■ **Material supplied**:
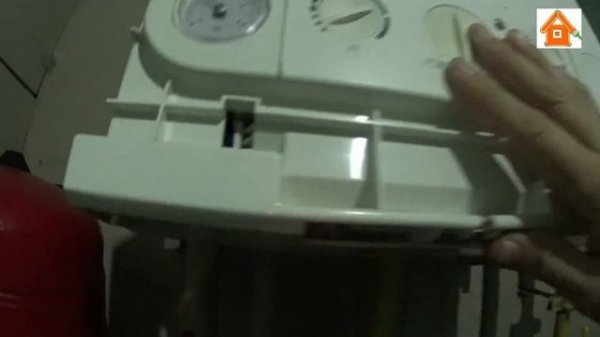 Быстрая диагностика котла Beretta. Котел беретта уходит в аварию. Ошибка котла Beretta и ремонт.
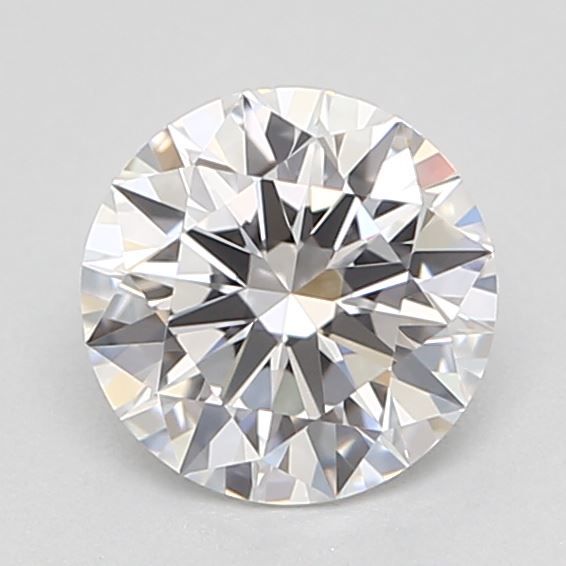 Diamond Natural 0.42Ct D-FL Round - GIA1539572632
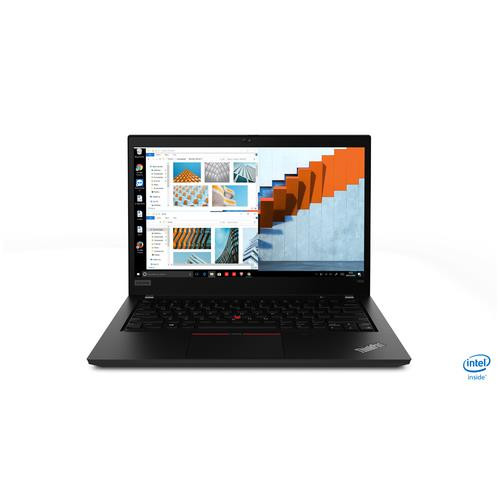Lenovo ThinkPad T490 Intel® Core™ i5 i5-8265U Ordinateur portable 35,6 cm (14") Écran tactile Full HD 16 Go DDR4-SDRAM 512 Go SSD Wi-Fi 5 (802.11ac) Windows 10 Pro Noir - 20N2005WCA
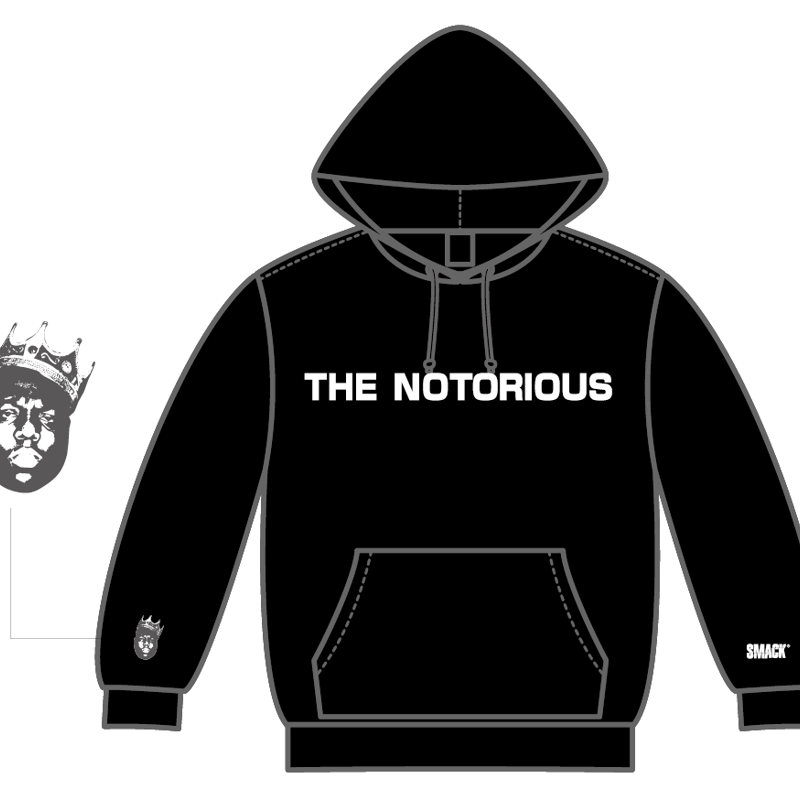 Conor mcgregor store biggie sweater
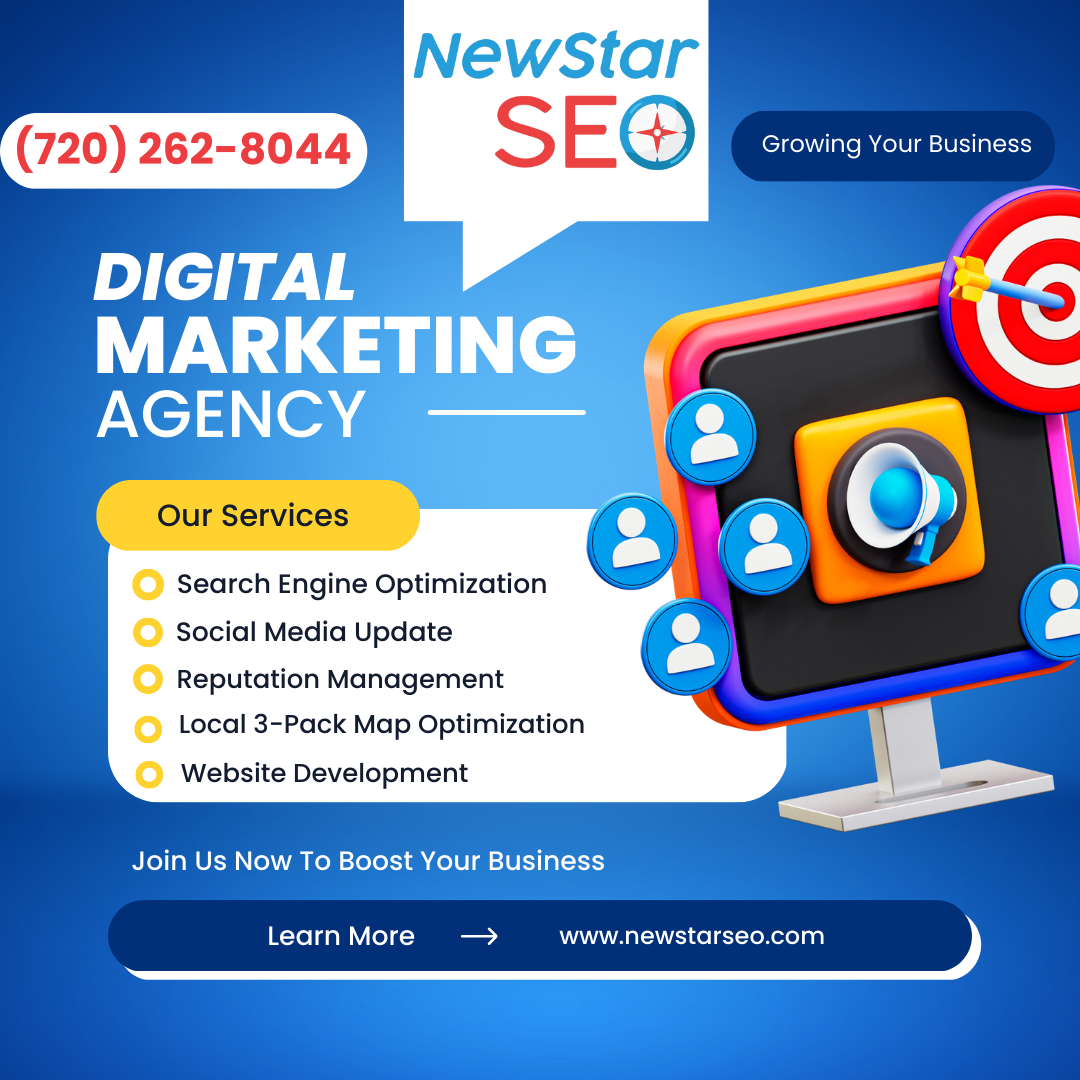NewStar SEO Digital Marketing Agency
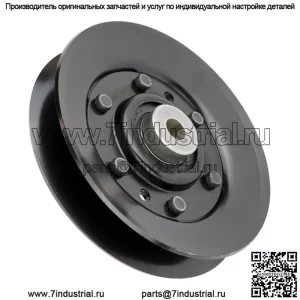 Натяжной шкив деки для Husqvarna CT126 CT130 CT131 CT141 CTH130 CTH150 CTH126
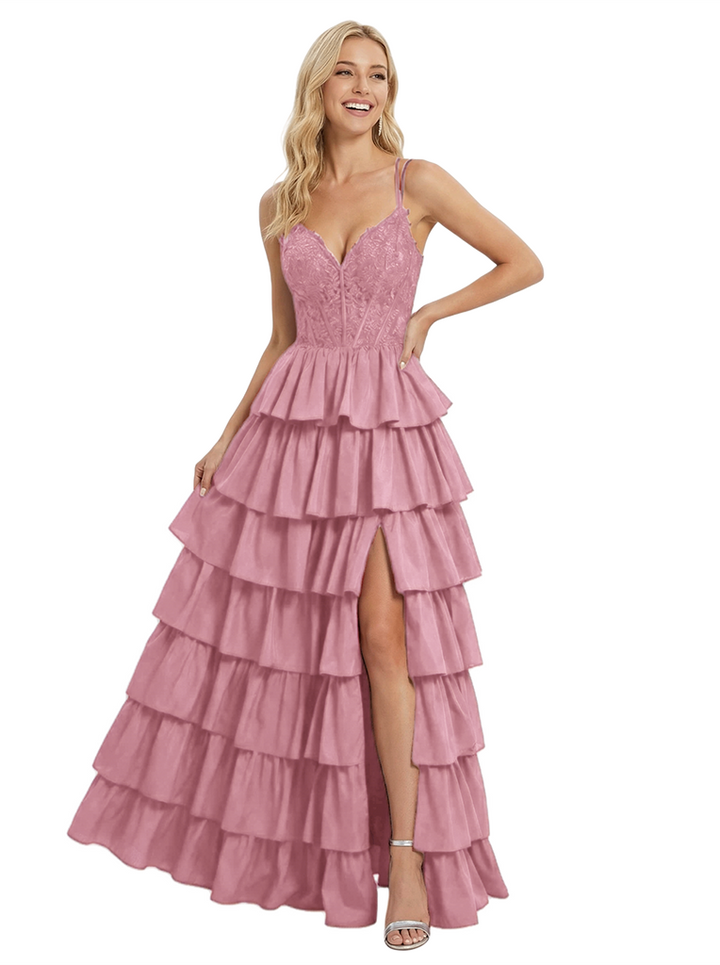 Dusty-rose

■ **Activity**: In the listing, find the line with "Lenovo ThinkPad T490" and retype exactly from there through the last line, both included, leaving the pictures out.

■ **Response to the task**:
Lenovo ThinkPad T490 Intel® Core™ i5 i5-8265U Ordinateur portable 35,6 cm (14") Écran tactile Full HD 16 Go DDR4-SDRAM 512 Go SSD Wi-Fi 5 (802.11ac) Windows 10 Pro Noir - 20N2005WCA
 Conor mcgregor store biggie sweater
NewStar SEO Digital Marketing Agency
 Натяжной шкив деки для Husqvarna CT126 CT130 CT131 CT141 CTH130 CTH150 CTH126
 Dusty-rose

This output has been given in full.